The association reported several incidents of aircraft arriving at Mexico City's Benito Juarez airport with low fuel because of these delays.
Mexico on 21 March inaugurated the former Santa Lucia military base about 28 miles away from the existing airport as a mixed civilian and military facility. Only a few flights — sometimes one daily — are being flown from the new facility, known as the Felipe Angeles international airport, but it has still led to traffic issues.
Air traffic controllers "apparently received little training and support as to how to operate this new configuration in the airspace," Ifalpa said.
There has only been one formal report of an incident involving air traffic control directing an airplane to repeat an approach, Mexico City communications and transport ministry (SCT) said today in response to Ifalpa's safety bulletin.
But the government also said it will reduce flights from the main Mexico City airport to 50 from 61 and move those operations to the Felipe Angeles airport, which would create a more complicated air traffic pattern and override other market considerations.
The main Mexico City international airport has been considered over capacity since 2014. Mexico's government in 2012 began planning for a new facility that would have been among the largest airports in the world.
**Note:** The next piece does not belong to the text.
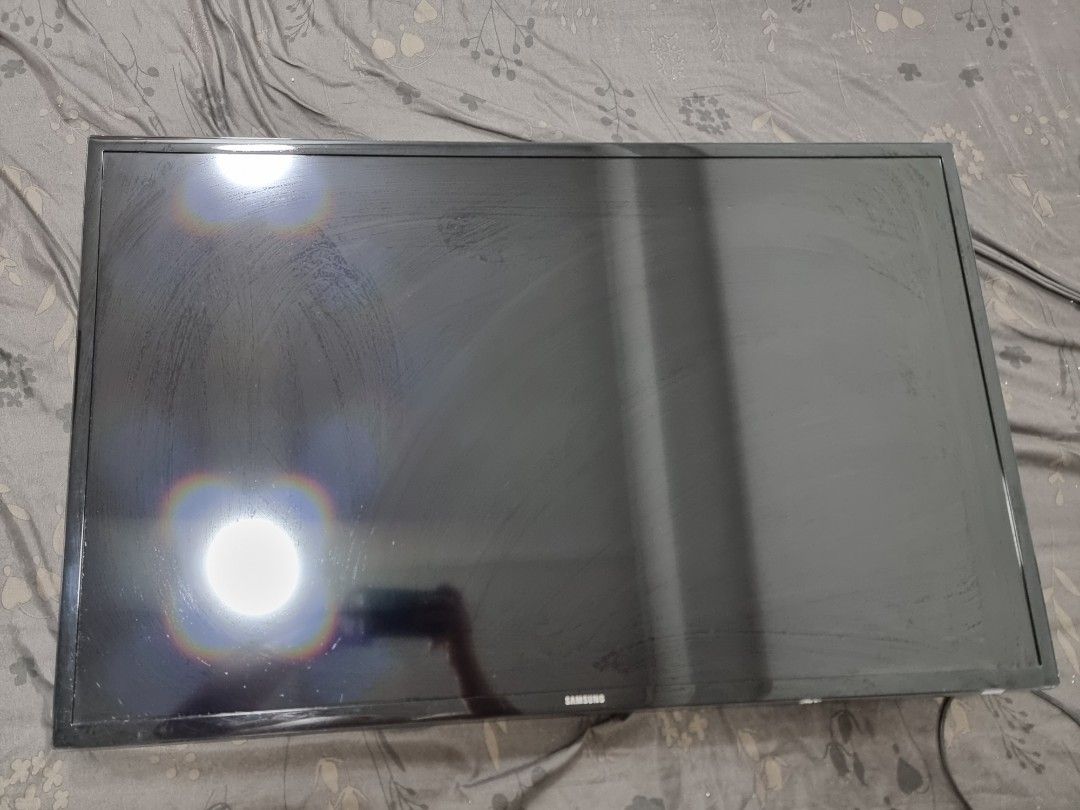SAMSUNG LED TV 41 inch, TV & Home Appliances, TV & Entertainment, TV on ...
But president Andres Manuel Lopez Obrador cancelled those plans when he took office and instead remodeled the Santa Lucia military airbase.
Mexico consumed 87,000 b/d of jet fuel in the week ended 11 March, up by 70pc from a year earlier, according to the latest figure from the energy ministry's weekly dashboard.
Mexico's total jet fuel imports, mainly by state-owned Pemex, almost doubled to 49,000 b/d in the first quarter of this year, up from 25,000 b/d in the first same quarter of 2021.